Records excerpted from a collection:
────────────────

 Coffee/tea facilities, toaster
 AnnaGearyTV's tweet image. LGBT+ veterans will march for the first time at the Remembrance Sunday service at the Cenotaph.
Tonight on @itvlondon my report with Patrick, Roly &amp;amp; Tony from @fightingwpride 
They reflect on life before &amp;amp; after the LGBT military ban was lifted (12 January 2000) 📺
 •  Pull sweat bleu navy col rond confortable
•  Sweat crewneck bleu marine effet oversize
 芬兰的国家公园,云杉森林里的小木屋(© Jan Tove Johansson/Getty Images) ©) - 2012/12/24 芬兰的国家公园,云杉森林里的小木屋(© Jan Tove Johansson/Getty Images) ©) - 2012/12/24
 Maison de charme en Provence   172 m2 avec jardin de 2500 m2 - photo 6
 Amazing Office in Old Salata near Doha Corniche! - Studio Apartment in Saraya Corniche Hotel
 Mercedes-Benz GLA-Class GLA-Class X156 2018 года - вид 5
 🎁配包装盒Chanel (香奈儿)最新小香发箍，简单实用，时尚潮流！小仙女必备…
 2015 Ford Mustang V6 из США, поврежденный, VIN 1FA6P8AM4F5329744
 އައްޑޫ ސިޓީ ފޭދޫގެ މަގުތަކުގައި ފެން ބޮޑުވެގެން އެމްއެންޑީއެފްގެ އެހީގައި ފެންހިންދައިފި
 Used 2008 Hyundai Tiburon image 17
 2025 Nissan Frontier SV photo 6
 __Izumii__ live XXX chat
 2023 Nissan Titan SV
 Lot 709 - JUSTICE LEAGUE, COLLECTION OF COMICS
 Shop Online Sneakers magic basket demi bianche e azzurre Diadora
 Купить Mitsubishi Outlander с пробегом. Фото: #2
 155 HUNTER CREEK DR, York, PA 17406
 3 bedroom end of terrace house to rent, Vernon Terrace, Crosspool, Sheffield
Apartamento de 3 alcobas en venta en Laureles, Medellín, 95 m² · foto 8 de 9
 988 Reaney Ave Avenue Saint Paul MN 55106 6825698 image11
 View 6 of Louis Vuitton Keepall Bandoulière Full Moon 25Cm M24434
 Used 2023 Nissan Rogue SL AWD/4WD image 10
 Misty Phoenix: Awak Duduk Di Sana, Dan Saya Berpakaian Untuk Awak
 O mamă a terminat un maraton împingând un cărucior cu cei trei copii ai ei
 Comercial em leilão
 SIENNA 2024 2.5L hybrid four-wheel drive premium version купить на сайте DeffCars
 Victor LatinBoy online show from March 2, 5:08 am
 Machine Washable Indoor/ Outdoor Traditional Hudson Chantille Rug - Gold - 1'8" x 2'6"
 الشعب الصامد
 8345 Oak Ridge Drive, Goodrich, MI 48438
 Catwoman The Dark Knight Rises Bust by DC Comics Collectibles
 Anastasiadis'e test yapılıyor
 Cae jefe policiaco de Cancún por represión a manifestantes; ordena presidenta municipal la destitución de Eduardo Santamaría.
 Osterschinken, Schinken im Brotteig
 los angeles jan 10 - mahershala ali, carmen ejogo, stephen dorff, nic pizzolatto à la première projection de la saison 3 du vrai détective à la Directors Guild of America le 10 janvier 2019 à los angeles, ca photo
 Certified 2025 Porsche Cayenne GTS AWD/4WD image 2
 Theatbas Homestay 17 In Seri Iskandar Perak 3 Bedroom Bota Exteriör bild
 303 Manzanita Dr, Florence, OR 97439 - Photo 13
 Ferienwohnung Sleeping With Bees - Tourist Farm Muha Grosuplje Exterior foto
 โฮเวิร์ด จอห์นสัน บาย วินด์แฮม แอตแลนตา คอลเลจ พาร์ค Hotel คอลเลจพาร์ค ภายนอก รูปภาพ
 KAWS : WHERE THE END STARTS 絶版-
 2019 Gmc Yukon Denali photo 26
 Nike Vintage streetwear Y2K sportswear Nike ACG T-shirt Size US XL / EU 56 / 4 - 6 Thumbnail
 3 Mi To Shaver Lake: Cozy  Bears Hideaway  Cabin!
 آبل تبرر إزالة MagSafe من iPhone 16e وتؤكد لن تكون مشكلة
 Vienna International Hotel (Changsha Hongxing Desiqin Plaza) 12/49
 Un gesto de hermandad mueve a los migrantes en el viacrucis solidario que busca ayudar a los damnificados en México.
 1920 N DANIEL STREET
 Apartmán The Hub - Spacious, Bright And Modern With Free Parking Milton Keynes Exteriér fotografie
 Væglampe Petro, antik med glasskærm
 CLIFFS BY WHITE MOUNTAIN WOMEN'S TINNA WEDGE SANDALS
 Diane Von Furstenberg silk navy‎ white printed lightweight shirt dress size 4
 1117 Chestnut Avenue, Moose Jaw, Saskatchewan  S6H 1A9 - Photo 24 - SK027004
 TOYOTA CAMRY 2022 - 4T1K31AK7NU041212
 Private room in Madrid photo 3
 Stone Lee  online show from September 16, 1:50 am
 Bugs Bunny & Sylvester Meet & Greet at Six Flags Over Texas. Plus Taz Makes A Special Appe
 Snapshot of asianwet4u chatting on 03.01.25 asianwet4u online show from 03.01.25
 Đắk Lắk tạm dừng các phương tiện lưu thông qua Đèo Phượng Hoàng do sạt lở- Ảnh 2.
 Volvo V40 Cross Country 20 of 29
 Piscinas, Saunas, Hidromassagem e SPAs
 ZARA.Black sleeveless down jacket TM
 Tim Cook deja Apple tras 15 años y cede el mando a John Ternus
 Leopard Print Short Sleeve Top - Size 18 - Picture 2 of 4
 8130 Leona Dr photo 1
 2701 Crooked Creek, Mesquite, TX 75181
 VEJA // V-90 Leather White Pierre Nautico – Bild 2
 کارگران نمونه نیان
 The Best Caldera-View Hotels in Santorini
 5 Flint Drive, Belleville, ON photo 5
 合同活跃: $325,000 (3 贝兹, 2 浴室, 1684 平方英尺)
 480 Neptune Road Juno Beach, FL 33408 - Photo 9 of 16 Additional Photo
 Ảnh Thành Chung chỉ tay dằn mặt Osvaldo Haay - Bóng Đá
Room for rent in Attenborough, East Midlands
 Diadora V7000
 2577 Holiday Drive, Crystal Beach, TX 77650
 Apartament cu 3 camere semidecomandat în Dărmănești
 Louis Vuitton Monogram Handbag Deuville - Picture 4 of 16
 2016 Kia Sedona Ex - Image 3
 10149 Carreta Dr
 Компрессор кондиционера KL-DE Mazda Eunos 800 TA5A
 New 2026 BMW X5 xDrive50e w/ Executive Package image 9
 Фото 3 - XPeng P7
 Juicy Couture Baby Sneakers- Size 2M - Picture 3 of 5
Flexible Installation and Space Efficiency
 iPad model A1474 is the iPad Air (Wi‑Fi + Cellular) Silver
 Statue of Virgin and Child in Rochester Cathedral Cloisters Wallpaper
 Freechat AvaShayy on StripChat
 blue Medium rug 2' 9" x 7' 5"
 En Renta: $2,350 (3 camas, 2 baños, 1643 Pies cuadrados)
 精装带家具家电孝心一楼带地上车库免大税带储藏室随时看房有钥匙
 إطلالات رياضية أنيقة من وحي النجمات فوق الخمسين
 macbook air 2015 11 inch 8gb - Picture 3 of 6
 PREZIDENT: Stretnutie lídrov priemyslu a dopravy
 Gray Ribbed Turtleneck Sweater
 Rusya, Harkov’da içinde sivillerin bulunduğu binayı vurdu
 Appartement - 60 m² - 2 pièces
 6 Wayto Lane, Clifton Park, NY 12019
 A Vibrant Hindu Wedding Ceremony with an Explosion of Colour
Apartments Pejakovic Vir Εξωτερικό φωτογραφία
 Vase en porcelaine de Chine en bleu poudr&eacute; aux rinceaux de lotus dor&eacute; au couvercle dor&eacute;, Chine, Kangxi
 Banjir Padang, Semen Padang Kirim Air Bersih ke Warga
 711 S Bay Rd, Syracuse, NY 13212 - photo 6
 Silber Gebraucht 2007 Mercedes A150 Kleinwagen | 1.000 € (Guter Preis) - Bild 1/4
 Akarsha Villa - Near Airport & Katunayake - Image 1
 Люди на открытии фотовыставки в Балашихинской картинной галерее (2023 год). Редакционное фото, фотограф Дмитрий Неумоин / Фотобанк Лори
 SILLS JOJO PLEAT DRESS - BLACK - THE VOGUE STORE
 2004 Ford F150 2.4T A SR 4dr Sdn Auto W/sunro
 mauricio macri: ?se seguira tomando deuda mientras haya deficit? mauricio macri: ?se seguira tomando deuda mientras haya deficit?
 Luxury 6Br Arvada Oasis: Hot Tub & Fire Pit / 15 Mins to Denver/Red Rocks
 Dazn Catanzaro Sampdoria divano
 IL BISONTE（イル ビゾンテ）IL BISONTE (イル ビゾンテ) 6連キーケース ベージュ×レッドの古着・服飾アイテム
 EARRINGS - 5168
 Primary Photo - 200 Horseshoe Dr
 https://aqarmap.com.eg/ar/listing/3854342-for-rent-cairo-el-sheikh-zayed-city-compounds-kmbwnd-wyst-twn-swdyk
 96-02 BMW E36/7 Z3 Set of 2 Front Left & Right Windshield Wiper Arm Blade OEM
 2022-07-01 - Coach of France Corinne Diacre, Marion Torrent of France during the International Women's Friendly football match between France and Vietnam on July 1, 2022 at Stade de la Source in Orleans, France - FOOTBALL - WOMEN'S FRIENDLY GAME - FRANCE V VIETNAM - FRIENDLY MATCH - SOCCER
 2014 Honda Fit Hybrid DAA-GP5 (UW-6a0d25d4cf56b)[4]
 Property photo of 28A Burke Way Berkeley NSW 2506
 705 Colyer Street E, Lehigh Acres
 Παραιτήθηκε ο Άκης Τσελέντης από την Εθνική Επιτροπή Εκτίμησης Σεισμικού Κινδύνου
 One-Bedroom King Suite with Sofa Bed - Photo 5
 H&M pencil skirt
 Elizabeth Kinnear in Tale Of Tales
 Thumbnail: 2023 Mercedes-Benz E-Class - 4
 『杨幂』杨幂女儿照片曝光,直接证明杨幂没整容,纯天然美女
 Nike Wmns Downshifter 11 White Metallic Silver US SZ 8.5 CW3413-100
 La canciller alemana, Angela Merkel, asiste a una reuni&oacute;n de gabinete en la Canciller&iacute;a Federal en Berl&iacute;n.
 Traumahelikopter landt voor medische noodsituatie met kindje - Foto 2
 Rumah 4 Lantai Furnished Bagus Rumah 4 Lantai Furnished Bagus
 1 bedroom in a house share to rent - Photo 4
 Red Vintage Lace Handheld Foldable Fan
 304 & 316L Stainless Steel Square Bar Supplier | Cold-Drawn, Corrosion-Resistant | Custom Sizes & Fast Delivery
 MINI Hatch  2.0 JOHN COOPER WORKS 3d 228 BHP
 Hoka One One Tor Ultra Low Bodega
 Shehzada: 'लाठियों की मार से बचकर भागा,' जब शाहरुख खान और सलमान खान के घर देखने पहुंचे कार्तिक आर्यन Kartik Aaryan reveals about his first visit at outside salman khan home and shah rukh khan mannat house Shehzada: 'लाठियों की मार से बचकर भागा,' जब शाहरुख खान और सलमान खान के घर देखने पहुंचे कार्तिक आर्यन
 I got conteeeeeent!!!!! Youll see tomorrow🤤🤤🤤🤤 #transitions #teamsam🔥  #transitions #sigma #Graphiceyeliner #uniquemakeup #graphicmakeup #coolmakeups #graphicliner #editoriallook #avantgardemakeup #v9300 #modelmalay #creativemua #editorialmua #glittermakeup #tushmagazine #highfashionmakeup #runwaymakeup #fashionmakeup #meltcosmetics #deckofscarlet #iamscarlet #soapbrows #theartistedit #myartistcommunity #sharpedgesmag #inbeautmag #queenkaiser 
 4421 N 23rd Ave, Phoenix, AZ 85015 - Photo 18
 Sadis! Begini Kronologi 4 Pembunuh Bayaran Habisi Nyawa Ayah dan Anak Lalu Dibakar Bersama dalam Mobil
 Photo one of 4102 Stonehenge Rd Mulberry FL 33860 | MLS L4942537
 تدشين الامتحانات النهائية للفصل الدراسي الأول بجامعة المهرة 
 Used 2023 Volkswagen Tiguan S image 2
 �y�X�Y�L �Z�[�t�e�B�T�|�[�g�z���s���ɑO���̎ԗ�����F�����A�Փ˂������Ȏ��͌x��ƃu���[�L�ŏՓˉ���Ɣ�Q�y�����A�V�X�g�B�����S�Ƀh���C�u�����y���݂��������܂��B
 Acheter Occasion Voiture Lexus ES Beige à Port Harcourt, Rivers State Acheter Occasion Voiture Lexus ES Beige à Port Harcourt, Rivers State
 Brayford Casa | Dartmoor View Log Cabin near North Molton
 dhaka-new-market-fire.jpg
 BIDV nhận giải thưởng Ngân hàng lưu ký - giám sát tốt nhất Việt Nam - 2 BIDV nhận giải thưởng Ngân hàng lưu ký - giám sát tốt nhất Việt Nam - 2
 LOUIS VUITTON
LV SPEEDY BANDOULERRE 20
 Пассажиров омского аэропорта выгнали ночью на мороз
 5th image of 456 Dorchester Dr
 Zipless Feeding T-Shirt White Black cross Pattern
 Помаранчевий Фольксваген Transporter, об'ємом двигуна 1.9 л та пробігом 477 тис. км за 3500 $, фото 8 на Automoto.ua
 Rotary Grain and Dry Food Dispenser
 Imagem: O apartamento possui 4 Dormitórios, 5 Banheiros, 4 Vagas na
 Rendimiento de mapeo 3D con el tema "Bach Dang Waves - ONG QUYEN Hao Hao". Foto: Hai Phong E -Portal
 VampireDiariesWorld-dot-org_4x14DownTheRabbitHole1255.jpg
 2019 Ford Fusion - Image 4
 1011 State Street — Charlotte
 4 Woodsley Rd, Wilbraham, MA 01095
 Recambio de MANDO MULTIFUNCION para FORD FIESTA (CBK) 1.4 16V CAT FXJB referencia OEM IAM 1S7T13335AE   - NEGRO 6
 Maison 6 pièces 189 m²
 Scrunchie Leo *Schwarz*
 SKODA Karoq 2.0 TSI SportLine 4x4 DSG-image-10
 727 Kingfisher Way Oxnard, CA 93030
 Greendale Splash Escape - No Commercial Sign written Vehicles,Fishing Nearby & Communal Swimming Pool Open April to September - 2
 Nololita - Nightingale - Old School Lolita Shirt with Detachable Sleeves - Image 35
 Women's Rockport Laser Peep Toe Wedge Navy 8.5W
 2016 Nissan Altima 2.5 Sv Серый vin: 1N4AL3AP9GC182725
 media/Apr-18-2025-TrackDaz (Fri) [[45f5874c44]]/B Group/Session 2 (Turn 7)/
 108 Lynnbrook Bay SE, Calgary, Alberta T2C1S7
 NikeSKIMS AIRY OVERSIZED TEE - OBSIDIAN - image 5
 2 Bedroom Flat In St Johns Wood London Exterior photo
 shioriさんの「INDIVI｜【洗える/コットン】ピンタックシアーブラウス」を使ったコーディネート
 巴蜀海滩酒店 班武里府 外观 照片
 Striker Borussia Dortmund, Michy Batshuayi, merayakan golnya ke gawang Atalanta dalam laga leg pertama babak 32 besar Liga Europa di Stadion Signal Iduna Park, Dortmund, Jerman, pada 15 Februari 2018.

────────────────

Required action:
Start with the line above that contains "Silber Gebraucht 2007" and stop after the line that contains "haya deficit? mauricio". Output those lines exactly, and only those.

Completed task:
 Silber Gebraucht 2007 Mercedes A150 Kleinwagen | 1.000 € (Guter Preis) - Bild 1/4
 Akarsha Villa - Near Airport & Katunayake - Image 1
 Люди на открытии фотовыставки в Балашихинской картинной галерее (2023 год). Редакционное фото, фотограф Дмитрий Неумоин / Фотобанк Лори
 SILLS JOJO PLEAT DRESS - BLACK - THE VOGUE STORE
 2004 Ford F150 2.4T A SR 4dr Sdn Auto W/sunro
 mauricio macri: ?se seguira tomando deuda mientras haya deficit? mauricio macri: ?se seguira tomando deuda mientras haya deficit?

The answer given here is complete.